The smile left the German’s face. “But why return to Servatsch?” he said. “I regret to inform the Herr Professor that his establishment was completely and utterly destroyed. Not a wall left standing—not a trace of his labors——”
“What?” cried Hambledon, rising in agitation. “All my notes—all my preparations——”
“All lost,” said the Nazi mournfully.
“But my servant——”
“I regret. Dead. More than dead. In-several-directions-disseminated.”
Hambledon covered his face with his hands, and there was a respectful silence.
“My poor Joachim.”
“He died in the noble cause of science,” said the Gruppenfuehrer consolingly.
“I must return at once,” said Hambledon energetically. “Today—this afternoon—this minute. Send out to the nearest shop for some clothes, and I will dress at once and go. Some of my notebooks may have escaped—they must—my life’s work——”
“A thorough search was made, not only among the ruins but all around. Nothing was found, nothing.”
This did not surprise Hambledon, who knew there was nothing to find.
“Nevertheless, I must myself make search, or I shall never sleep again. Clothes, Herr Gruppenfuehrer, clothes.”

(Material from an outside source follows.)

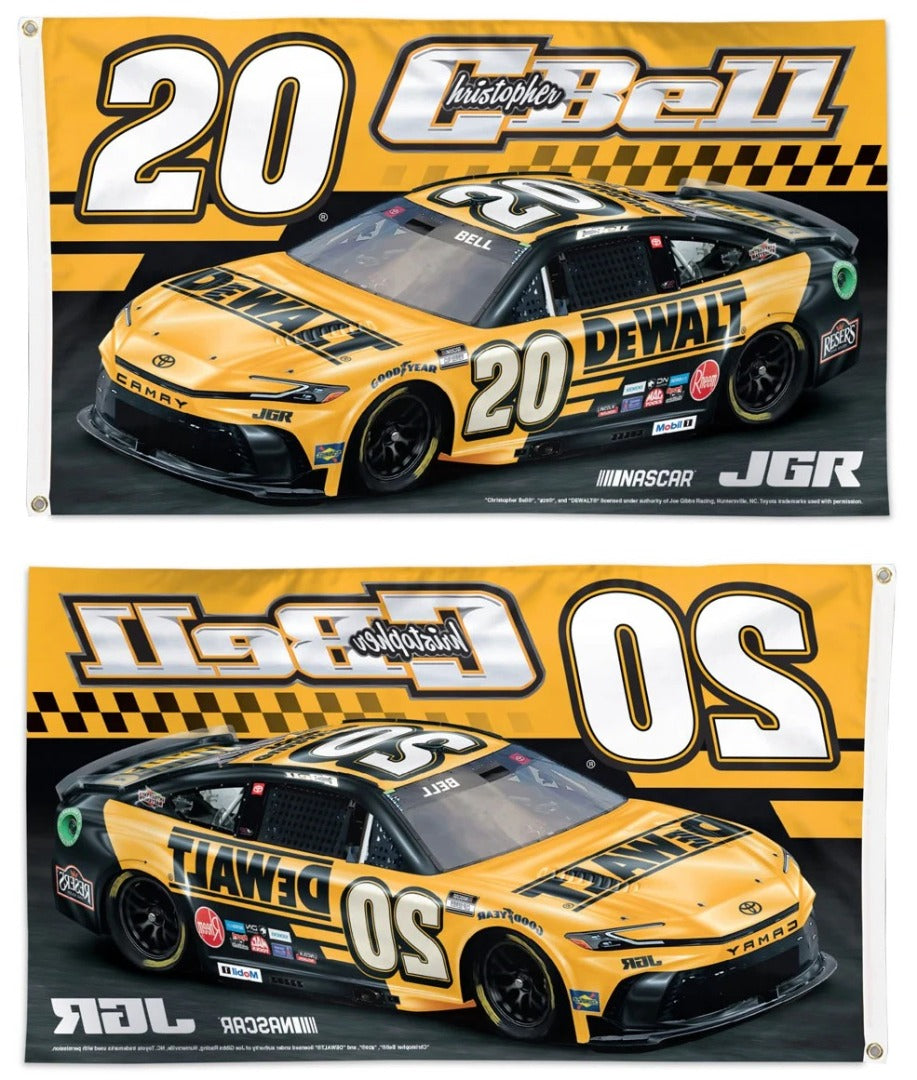Christopher Bell Flag 3x5 DeWalt Race Car 2025 heartlandflags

“Listen,” said the German persuasively. “Why exhaust your valuable energies searching among ruins for what is not there? Why conceal in a remote corner of Switzerland the brilliant intellect which could assist a great nation in its hour of need? Come to Berlin, Herr Ulseth. Your fame has preceded you there——”
“Heaven help me,” said Hambledon to himself. “I was afraid it had.”

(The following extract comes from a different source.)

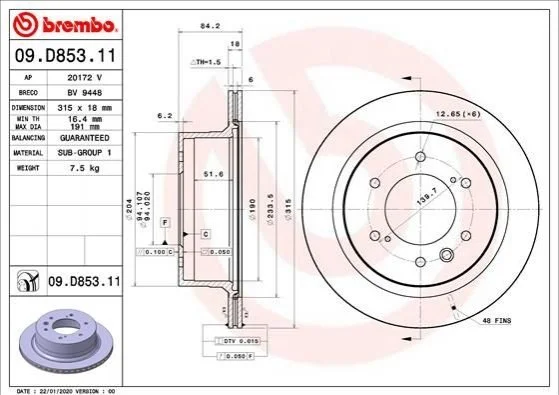 Гальмівний диск двосторонній на задній міст вентильований 6 BREMBO 09.D853.11 (фото 1)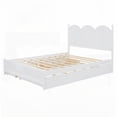 thumbnail image 2 of Queen Size Platform Bed with Solid Wood and 2 Big Drawers, White for Bedroom, 2 of 22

“A welcome awaits you from the most powerful, the most talented sections of our Reich. Facilities shall be placed at your disposal—I am authorized officially to say this—such as could not be equaled in any other capital in Europe. Or the world.”
“Very well,” said Hambledon after a moment’s pause. “A day—two days—to visit Servatsch and say a prayer over the grave of my servant, and lay a wreath to his memory, and I will come to Berlin at once.”
“It is inadvisable. I regret. The Herr Professor has forgotten—the Swiss police——”
“What about the police?”
“There was a little matter of a cow.”
“Bah! I will pay for the cow. I ought to pay for the cow. I am obliged to you for reminding me. I must return in order to pay for the cow.”
“The money can be sent,” said the German obstinately. “The wreath also. The Herr Professor is strongly advised to travel to Berlin at once.”
Hambledon saw it was no use arguing. He sank into his chair murmuring, “I am fatigued. Leave me alone, please; all this is very agitating. My poor servant! My precious formulas!”
The Nazi rose instantly. “Let the Herr Professor’s mind be at rest. He has chosen wisely. Tomorrow the clothes shall be obtained.” He left the room, and Hambledon looked anxiously after him.
“They are not going to let me go,” he said. “Well, I couldn’t very well bolt in pajamas, anyway. Perhaps something will occur tomorrow.”